And guilt. Big time guilt. How could we feel sad when our baby boy Elias was in our arms? How could there be a fog of sadness on what is supposed to be the happiest day of our lives? We had left the day before, excited about the possibility of maybe, just maybe that day being the day we brought home our two sons. We had welcomed Elias the next day not knowing what had happened to his brother, why it had happened, or what we were going to do.
The next few months were a really odd and rough time for us. We were ecstatic about the birth of Elias, but crushed by the death of Hezekiah. The autopsy results on Hezekiah came back telling us, in a nutshell, “Everything was normal. We don't know what went wrong.” We had hoped that knowing the how would help us cope with never knowing why. That will not be the case. We have no idea what happened to Hezekiah.
To make matters worse, Elias spent his first three weeks in the NICU. As standard procedure when one twin survives the death of another, an ultrasound was run on Elias' brain to make sure everything was normal.
The results were not.
Still reeling from Hezekiah's death, the NICU doctor called us in and told us Elias had “holes in his brain.” We found out (but not until several years later) that Hezekiah's death had caused Elias's blood pressure to drop drastically, resulting in a massive stroke.
He received an official diagnosis of left-sided hemiparesis with cerebral palsy, and we were told he would experience a lifetime of challenges because of it.
Within the span of one week, our beautiful life canvas had become marred by massive black spots. It was as if someone had taken a can of black paint, dipped some sponges in it, and chucked them against our life.
You never know how you will respond when life implodes on you. Will you completely break, or will you straighten your back to get through it? Will your relationships suffer, or will they strengthen? Will you get angry and bitter, or will you be able to move on?
Will you turn toward God, or away from Him?
Seven days after the death of Hezekiah, I sat in the NICU with Elias and wrote the following words:
Through this all, we know that God is God and He is in control. I don’t know why our plans for twins so radically shifted, but I know that my God is there for me (for us). Elias means 'My God is the LORD' and Hezekiah means 'The LORD is my Strength.' We had pre-picked these names, for these meanings, a while back. Obviously, they have become even more poignant to us this past week. We want Elias to always know, and to serve as a reminder (to us and to everyone around us), that no matter what happens in this life, we will always proclaim Jesus Christ as our LORD and Savior.

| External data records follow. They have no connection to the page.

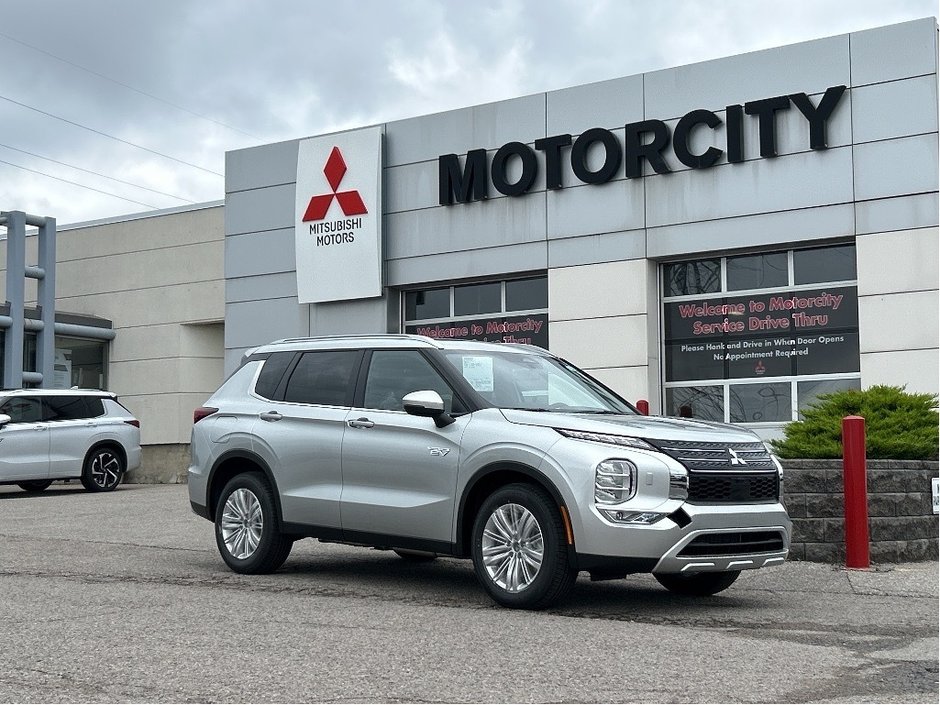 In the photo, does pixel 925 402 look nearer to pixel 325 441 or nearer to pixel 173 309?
pixel 325 441

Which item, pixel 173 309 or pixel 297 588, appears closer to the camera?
pixel 297 588

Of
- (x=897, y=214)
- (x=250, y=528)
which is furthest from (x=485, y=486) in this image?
(x=897, y=214)

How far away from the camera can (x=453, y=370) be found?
30.1 feet

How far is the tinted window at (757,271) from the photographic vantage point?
18312 millimetres

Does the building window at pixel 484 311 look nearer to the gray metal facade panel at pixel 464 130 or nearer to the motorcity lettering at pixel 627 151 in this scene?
the motorcity lettering at pixel 627 151

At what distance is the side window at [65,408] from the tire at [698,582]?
1414 cm

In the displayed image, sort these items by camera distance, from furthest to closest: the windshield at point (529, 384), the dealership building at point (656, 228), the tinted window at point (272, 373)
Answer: the dealership building at point (656, 228) → the tinted window at point (272, 373) → the windshield at point (529, 384)

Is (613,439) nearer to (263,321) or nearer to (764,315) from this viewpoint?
(764,315)

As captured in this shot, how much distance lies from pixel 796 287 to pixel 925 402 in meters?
6.19

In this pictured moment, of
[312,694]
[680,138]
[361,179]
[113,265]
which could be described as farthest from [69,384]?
[312,694]

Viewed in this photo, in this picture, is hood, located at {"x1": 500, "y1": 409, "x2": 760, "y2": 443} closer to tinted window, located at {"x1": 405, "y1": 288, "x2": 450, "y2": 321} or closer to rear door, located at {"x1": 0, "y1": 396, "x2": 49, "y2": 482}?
tinted window, located at {"x1": 405, "y1": 288, "x2": 450, "y2": 321}

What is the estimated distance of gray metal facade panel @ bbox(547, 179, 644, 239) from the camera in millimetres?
19281

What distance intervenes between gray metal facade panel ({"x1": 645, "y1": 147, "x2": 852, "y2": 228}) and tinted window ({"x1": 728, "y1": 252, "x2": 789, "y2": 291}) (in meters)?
0.72

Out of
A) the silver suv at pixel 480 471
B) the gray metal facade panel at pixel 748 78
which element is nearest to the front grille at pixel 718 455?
the silver suv at pixel 480 471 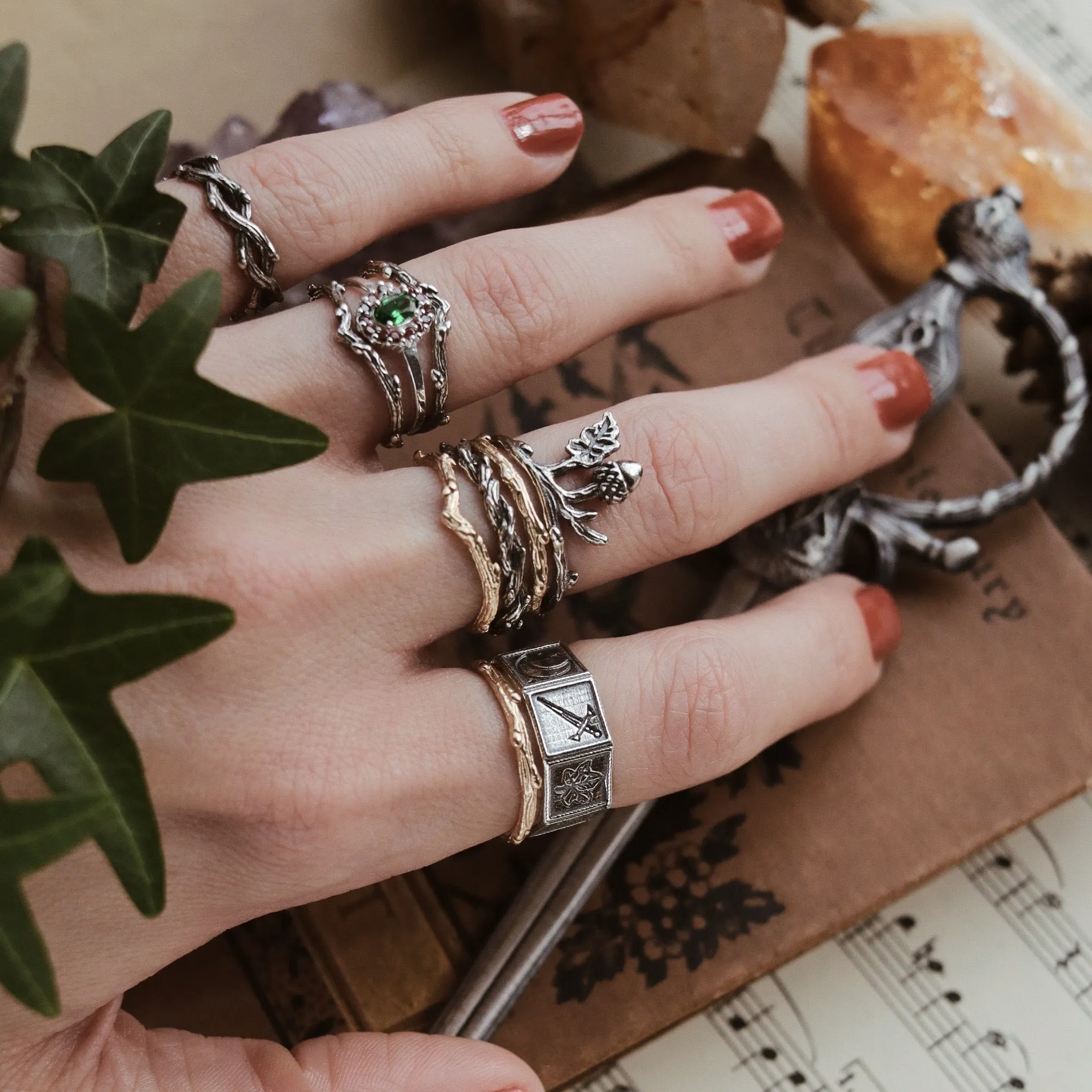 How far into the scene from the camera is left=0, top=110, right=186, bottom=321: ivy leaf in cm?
74

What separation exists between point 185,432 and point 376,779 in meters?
0.29

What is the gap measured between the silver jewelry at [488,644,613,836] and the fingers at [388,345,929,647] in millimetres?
68

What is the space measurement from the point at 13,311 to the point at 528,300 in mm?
423

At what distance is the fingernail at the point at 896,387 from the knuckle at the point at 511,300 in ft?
0.98

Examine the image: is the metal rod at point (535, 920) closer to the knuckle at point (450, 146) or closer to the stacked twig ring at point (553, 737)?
the stacked twig ring at point (553, 737)

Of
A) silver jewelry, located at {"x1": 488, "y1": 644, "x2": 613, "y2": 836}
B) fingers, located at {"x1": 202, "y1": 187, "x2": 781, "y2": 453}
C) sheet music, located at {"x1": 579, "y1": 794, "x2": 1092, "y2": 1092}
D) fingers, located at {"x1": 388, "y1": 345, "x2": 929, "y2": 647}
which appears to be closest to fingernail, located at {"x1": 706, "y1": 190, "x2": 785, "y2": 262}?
fingers, located at {"x1": 202, "y1": 187, "x2": 781, "y2": 453}

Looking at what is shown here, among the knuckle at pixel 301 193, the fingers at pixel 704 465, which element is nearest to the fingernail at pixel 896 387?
the fingers at pixel 704 465

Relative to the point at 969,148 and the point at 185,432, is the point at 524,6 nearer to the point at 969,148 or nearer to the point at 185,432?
the point at 969,148

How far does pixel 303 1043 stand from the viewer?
32.6 inches

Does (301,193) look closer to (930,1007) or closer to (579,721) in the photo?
(579,721)

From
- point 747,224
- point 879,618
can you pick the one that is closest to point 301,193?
point 747,224

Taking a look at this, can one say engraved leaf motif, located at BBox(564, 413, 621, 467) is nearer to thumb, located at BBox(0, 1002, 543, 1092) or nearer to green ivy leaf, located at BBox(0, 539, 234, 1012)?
green ivy leaf, located at BBox(0, 539, 234, 1012)

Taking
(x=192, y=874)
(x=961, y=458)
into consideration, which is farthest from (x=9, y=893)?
(x=961, y=458)

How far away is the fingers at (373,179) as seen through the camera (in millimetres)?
881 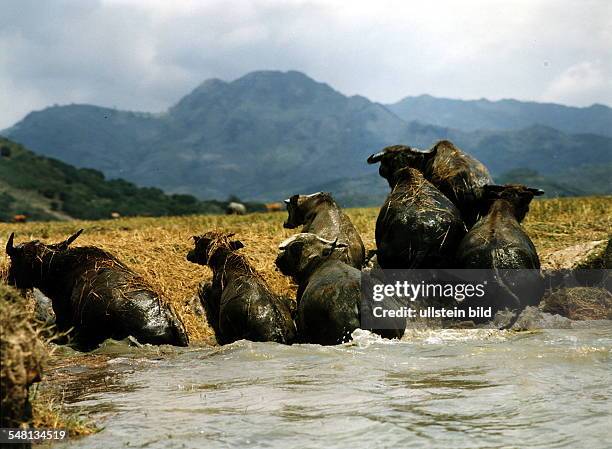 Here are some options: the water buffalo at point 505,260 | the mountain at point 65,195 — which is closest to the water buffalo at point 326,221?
the water buffalo at point 505,260

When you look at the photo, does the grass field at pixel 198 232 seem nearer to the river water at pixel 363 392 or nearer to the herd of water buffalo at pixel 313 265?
the herd of water buffalo at pixel 313 265

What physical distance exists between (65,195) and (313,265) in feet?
404

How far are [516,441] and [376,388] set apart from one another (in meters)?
2.02

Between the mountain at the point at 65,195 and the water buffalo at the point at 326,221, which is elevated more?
the mountain at the point at 65,195

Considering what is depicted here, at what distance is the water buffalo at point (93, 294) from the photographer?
1041 centimetres

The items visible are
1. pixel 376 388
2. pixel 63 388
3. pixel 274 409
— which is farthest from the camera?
pixel 63 388

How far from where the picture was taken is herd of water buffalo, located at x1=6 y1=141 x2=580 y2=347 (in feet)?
33.8

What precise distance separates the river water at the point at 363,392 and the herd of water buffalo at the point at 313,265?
1.60ft

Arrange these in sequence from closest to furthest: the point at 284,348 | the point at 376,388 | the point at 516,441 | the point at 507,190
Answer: the point at 516,441
the point at 376,388
the point at 284,348
the point at 507,190

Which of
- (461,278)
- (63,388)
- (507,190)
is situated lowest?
(63,388)

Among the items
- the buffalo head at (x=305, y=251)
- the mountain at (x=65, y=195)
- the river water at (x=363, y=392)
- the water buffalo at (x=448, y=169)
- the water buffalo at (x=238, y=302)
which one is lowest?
the river water at (x=363, y=392)

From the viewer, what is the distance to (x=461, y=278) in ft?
37.1

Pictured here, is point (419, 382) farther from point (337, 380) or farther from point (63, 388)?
point (63, 388)

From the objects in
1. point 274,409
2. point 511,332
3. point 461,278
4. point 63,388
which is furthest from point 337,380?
point 461,278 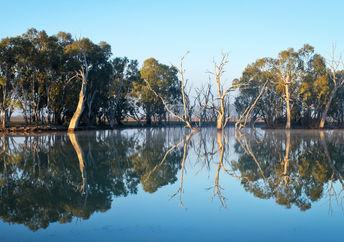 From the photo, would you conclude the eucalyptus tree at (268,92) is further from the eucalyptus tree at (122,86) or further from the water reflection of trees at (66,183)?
the water reflection of trees at (66,183)

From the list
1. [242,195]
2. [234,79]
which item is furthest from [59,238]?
[234,79]

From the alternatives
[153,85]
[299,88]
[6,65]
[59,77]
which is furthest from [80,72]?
[299,88]

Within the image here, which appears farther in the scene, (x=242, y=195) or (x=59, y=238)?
(x=242, y=195)

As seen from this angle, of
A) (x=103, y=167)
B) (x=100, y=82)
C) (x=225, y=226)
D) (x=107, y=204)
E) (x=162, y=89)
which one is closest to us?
(x=225, y=226)

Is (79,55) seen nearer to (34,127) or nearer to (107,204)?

The black stains on our canvas were still there, evidence of the scarring and pain which was still very front-and-center of our lives. Yet for us, we needed to proclaim this fact: no matter how hard life may get, we would still turn to Christ—our Rock—to get us through.
When you are in the midst of the hard place, sometimes all you can see are the black stains where your beautiful life has turned out drastically different from how you envisioned. They consume your vision, and you can feel like your canvas—your life—is ruined and will never be beautiful again.
What is great about a painting, though, is that sometimes you can't tell what is being painted until it is finished.
Sometimes, the dark colors are what makes the painting a masterpiece.
And while our story is far from finished, we have begun to see the beauty that can result even with the dark stains.
Eight months after Elias was born, Theresa unexpectedly became pregnant again. When we first discovered we would have another child, our anxiety spiked. Can we really go through this again? What if something else goes wrong?
But within a few days, this anxiety was replaced by an overwhelming sense of peace. Not a peace that everything would be okay, but more so a peace resulting in a feeling of no matter what happens, God will still be in control.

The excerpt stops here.